/Spoken-Language-Processing-in-Python

Load transform and transcribe audio files.

Primary LanguageJupyter NotebookGNU General Public License v3.0GPL-3.0

Spoken-Language-Processing-in-Python

Load transform and transcribe audio files.

Audio data in Python

Different kinds of audio files

  • mp3

  • wav

  • m4a

  • flac

  • Digital sound is measured in frequency(kHz).

  • Sampling rate of an audio file is the measure of the number of data change per second used to represent a digitial sound.

  • 1kHz = 1000 pieces of information per second

  • Streaming songs have a frequency of 32kHz (32k pieces of information per second)

  • Audiobooks and spoken language are between 8 and 16kHz.

  • Audio files are different from tabular or text data, because we can't immediately see the data we are working with. So we have to transform them first.

Python builtin wave module for audio files

import wave

# import audio file as wave object
good_morning = wave.open("good-morning.wav", "r")

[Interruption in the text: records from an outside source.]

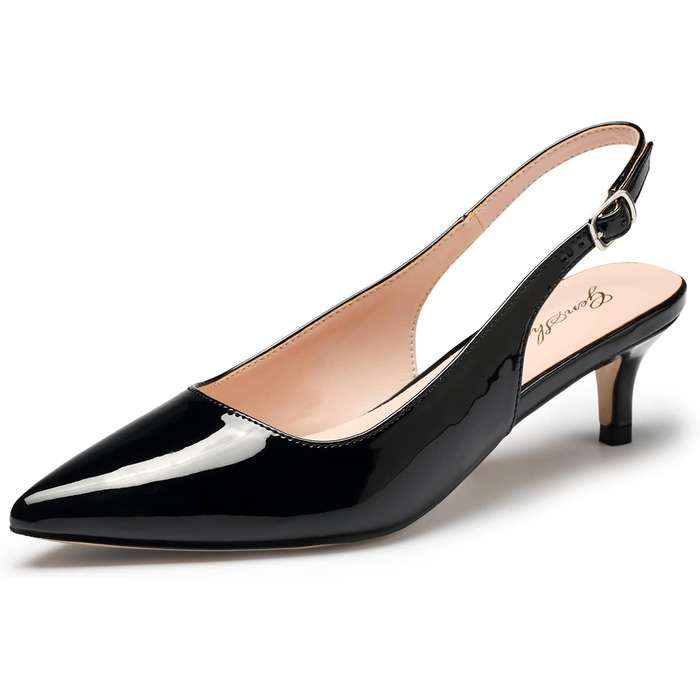 Жіночі елегантні туфлі-човники GENSHUO на низьких підборах (kitten heels) з відкритою п'ятою, чорний лак, розмір 42 EU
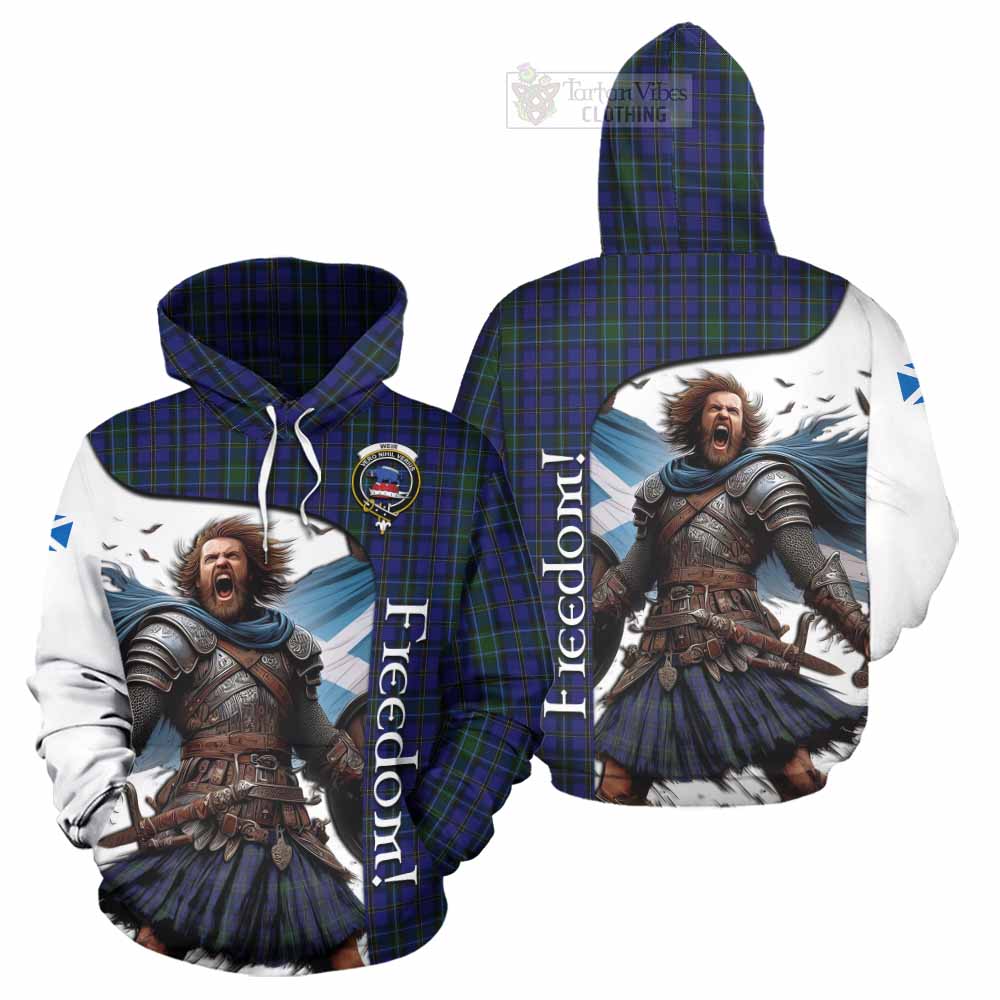 Tartan Vibes Clothing Weir Crest Tartan Hoodie Inspired by the Freedom of Scottish Warrior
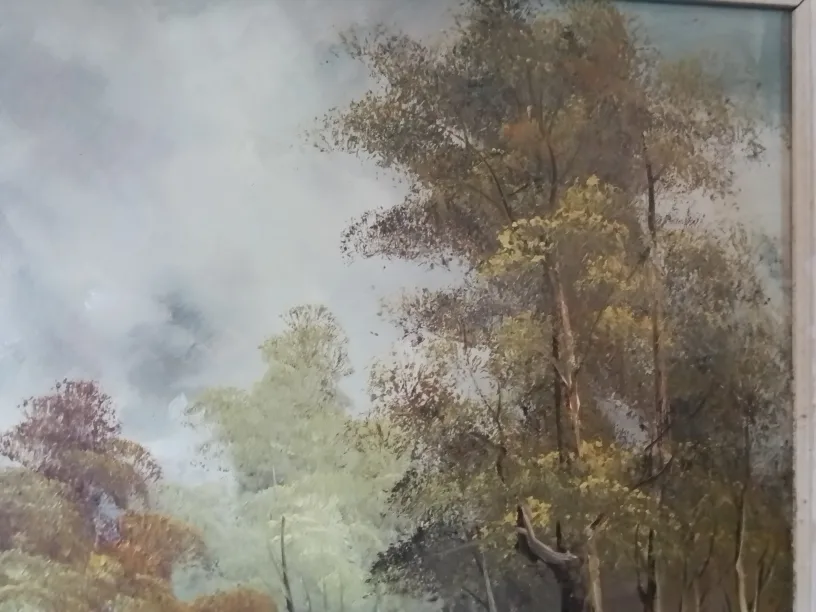 Large Framed Waterfall Oil Painting image indicator(6)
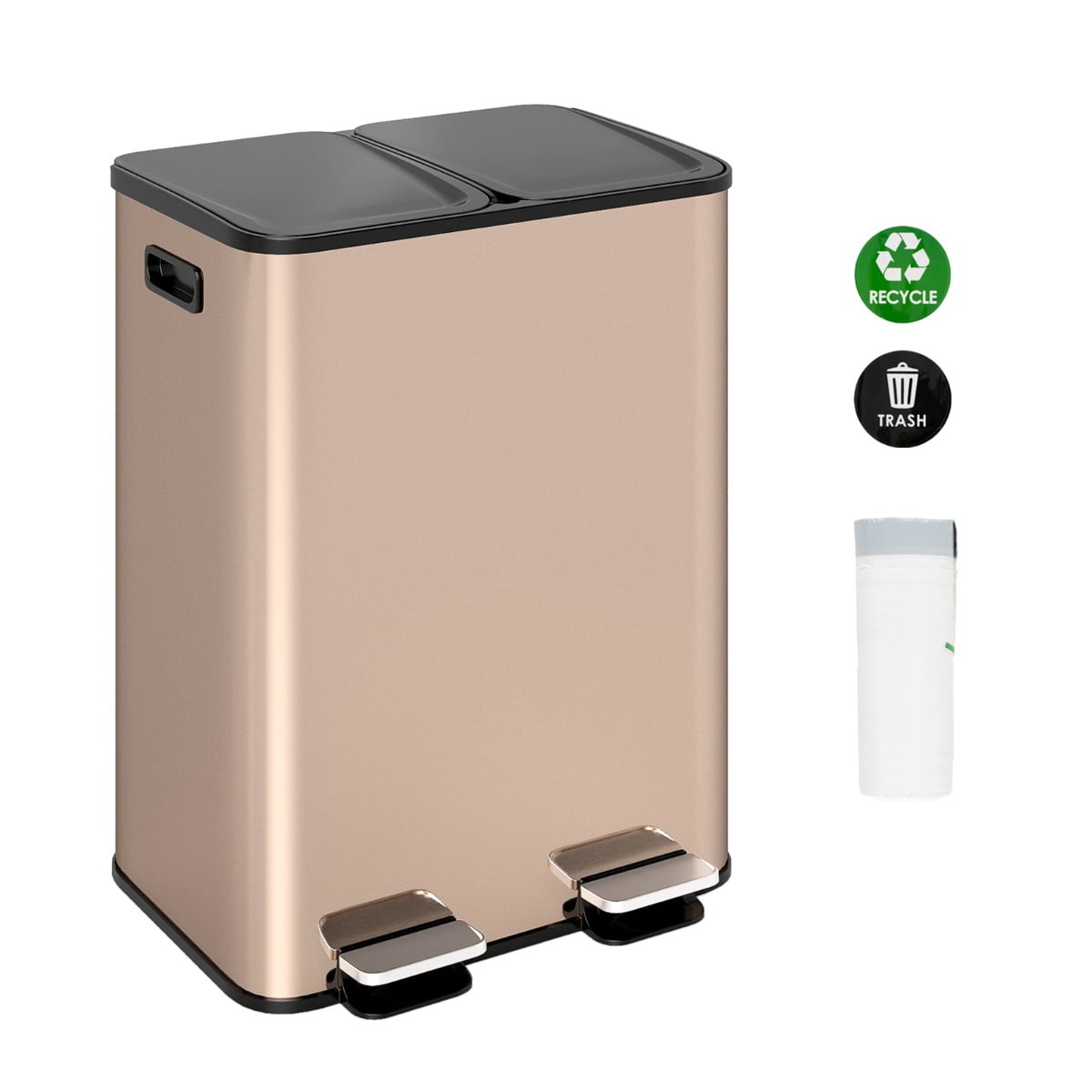 Trash Can with Deodorizer Compartments and Soft Close Lids-Golden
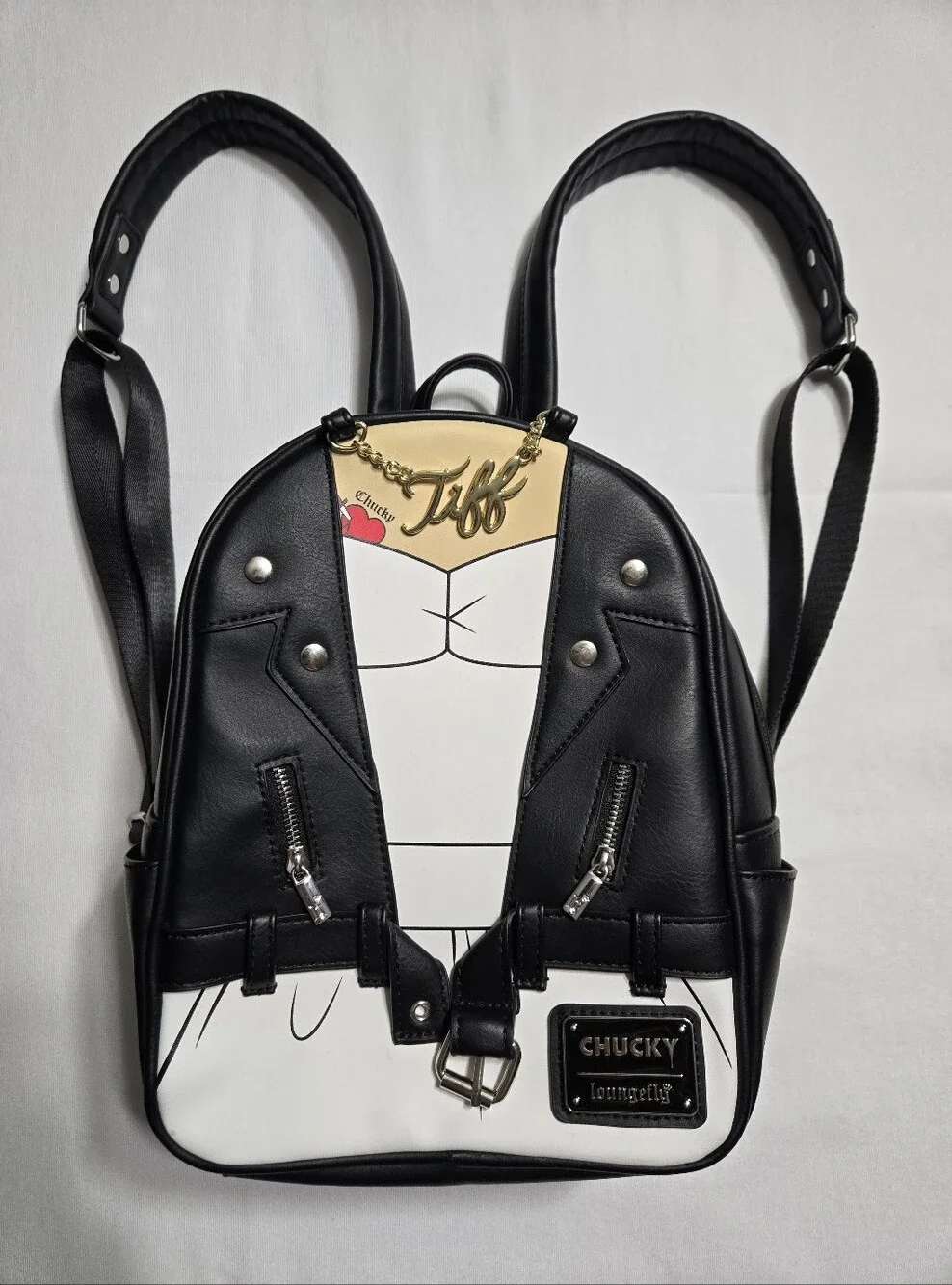 loungefly x Bride Of Chucky Tiffany Mini Backpack Black Zip Everyday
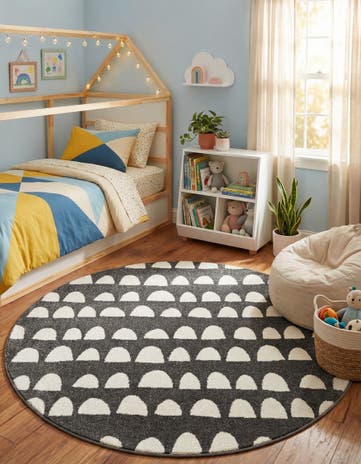 Dark Gray Whimsy Kids Round Rug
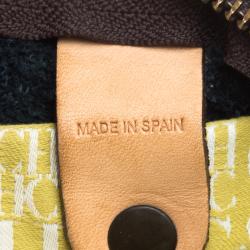 Pre Owned Carolina Herrera Navy Blue Monogram Leather Andy Boston Bag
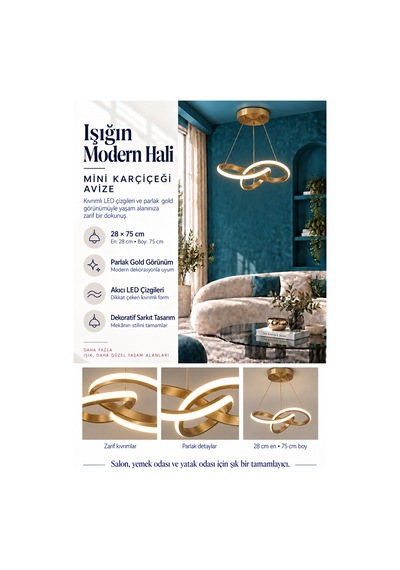 Mini Kar Çiçeği Küçük Modern Ledli Avize 3 Renk Power Ledli Gold Kaplama Kumandalı Çoçuk Odası Yatak Odası Mutfak
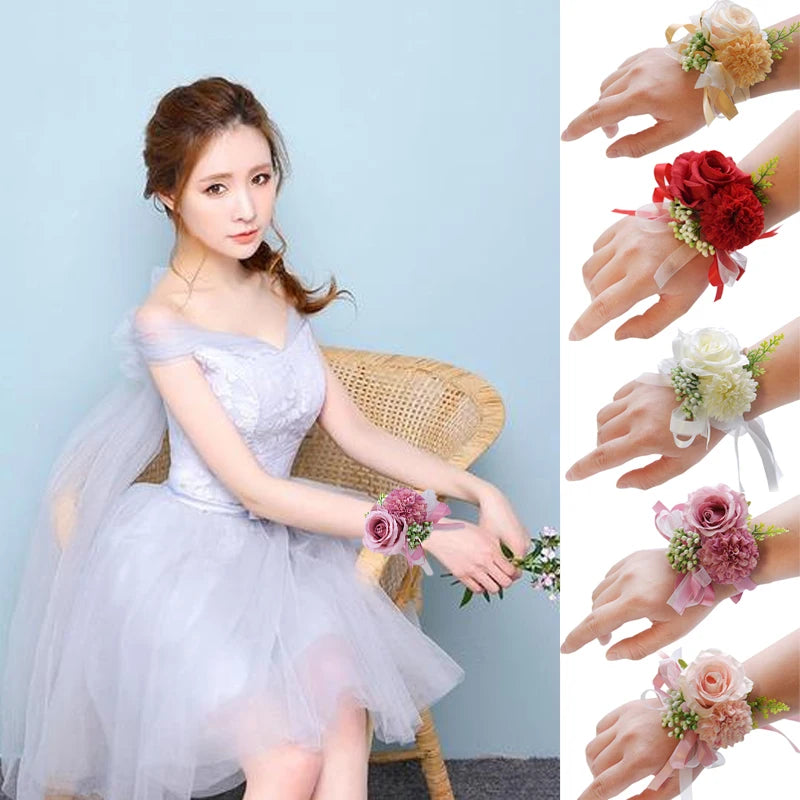Girls Bridesmaid Wrist Flowers Groom Boutonnier Suit Corsage Pins Artificial Silk Rose Fabric Hand Flowers Wedding Accessories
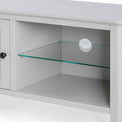 Elgin Grey 90cm Small TV Unit - Close up of glass shelf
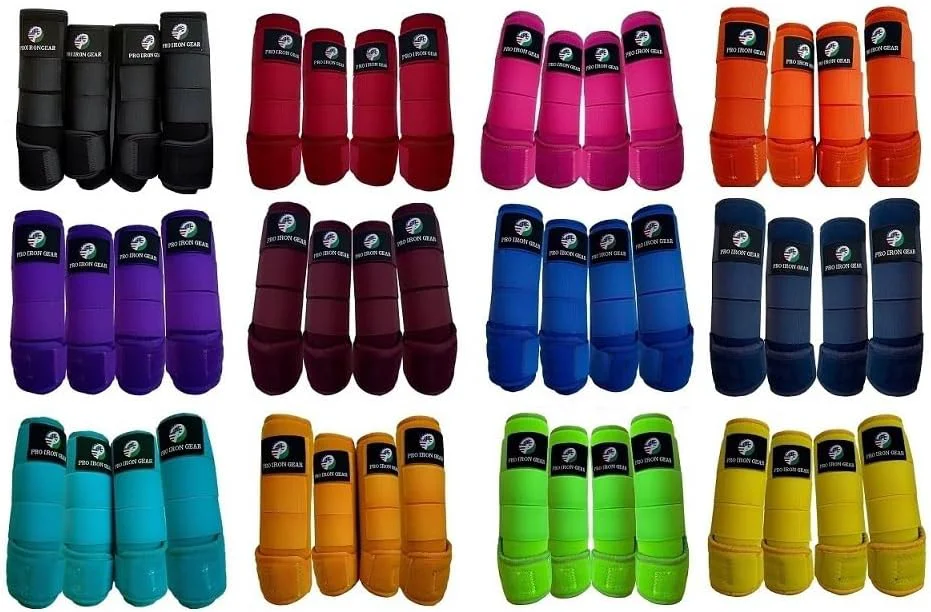 Versatile Horse Medicine Brushing Boots Leg Wraps Protection Gear Set of 2 and Set of 4 in 14 Colors Traditional
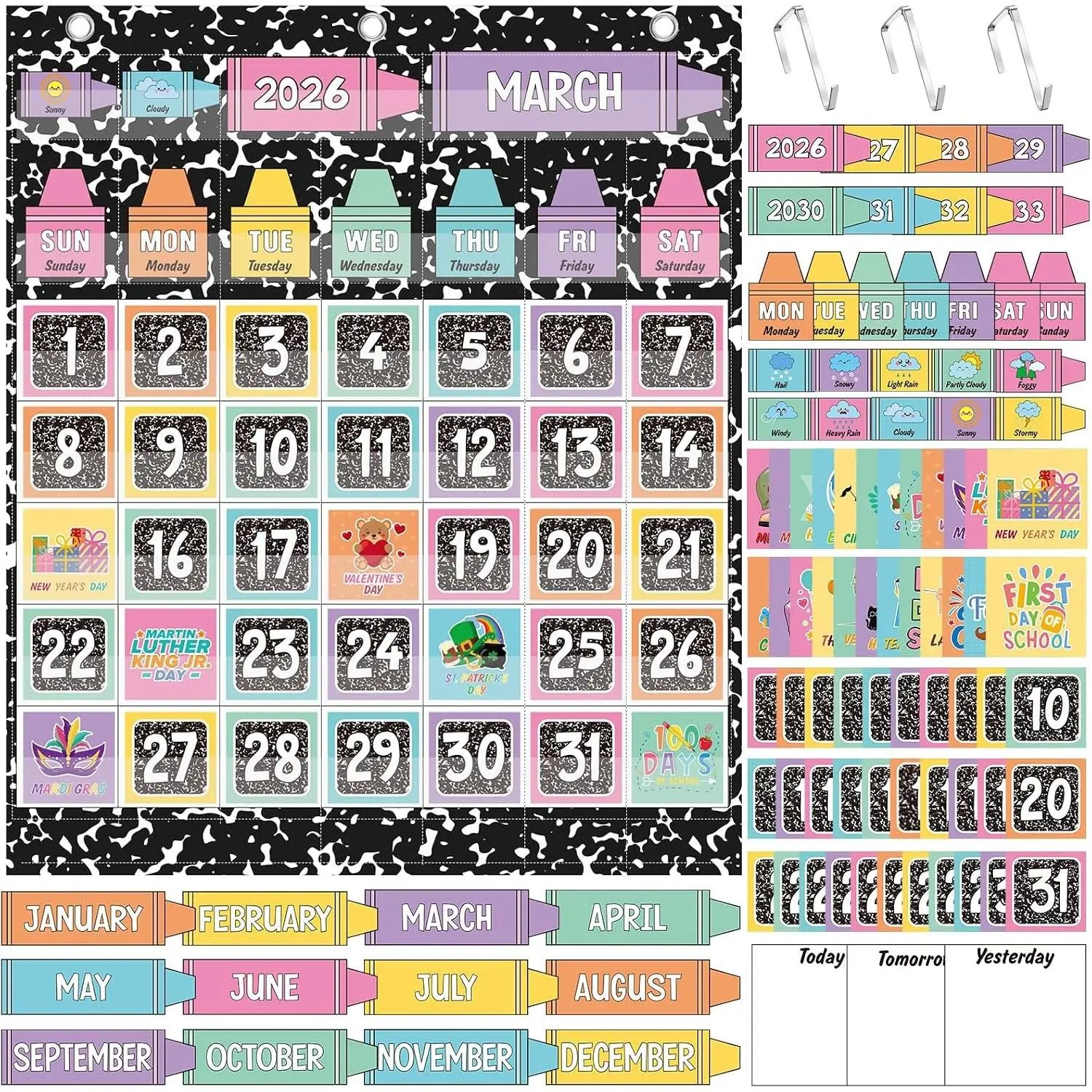 Classroom Calendar Pocket Chart Oxford Cloth 115 Cards 24x28 Inch Colorful Crayon Bulletin Board with Weather and Years 2026-2033 Teacher Supplies for Classroom Wall Decoration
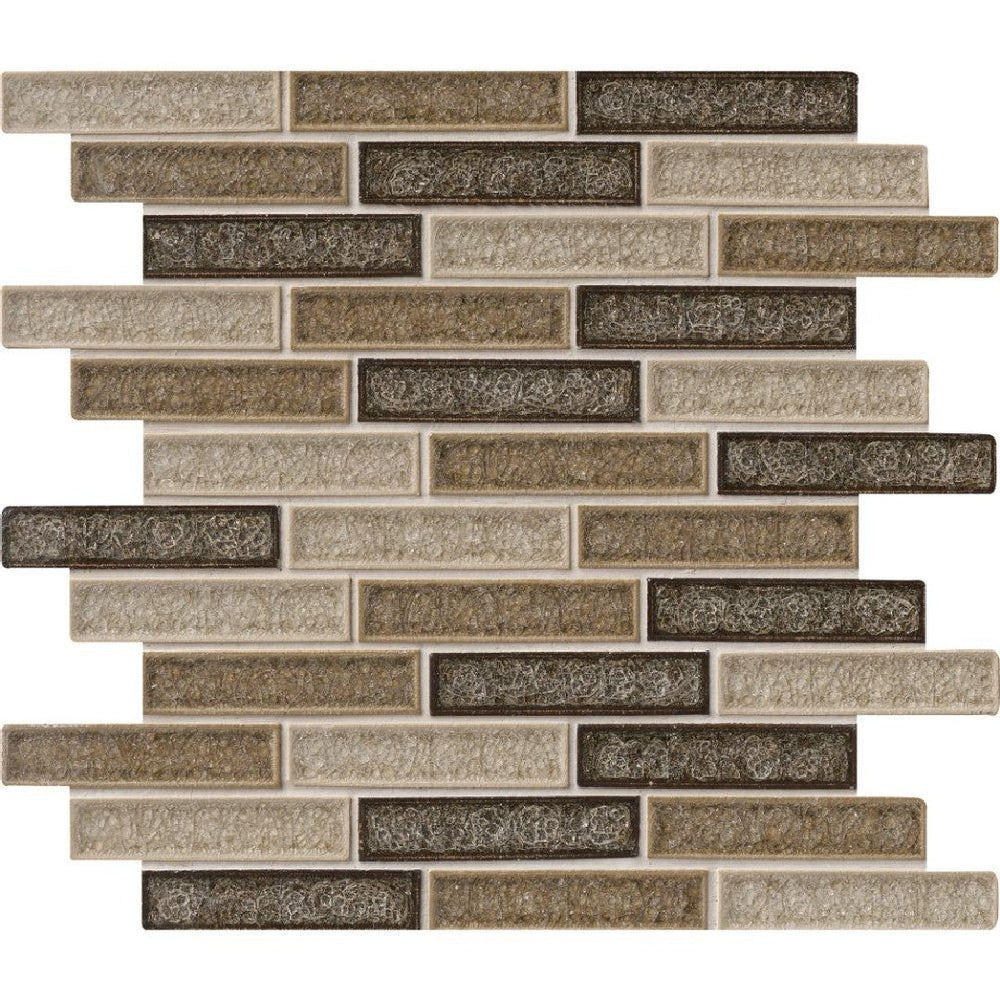 MS International 12" x 12" Venetian Café Linear Glass Mosaic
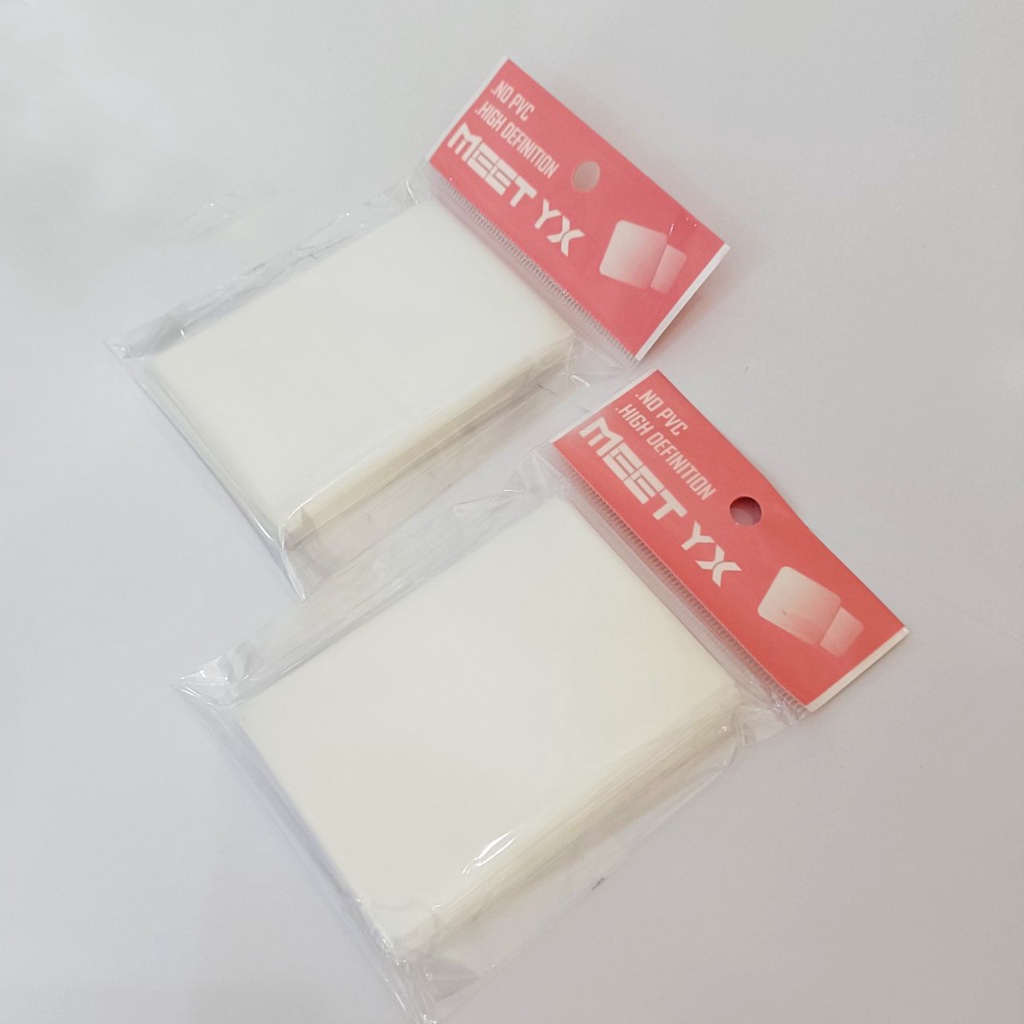 Xấp 100 Sleeves MeeT loại DÀY 0.1mm size 58 x 89 và size 66 x 91 bọc bài, photocard các loại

# convert the wave object to bytes (-1 means read all the info in the file)
good_morning_soundwave = good_morning.readframes(-1)

# view the wav file in byte form
good_morning_soundwave

b`\xfd\xff\xfb\xff\xf8\xff\xf7\...`
  • Files is 48kHz which means 48k pieces of information and 2 seconds long means 96k pieces of information

Working with audio is different

  • Have to convert the audio to something useful.
  • Even a small sample of audio can contain large amount of information (adding background noise, other speakers)

Converting sound wave bytes to integers using numpy

import numpy as np

# convert soundwave_gm from bytes to integers
signal_gm = np.frombuffer(soundwave_gm, dtype='int16')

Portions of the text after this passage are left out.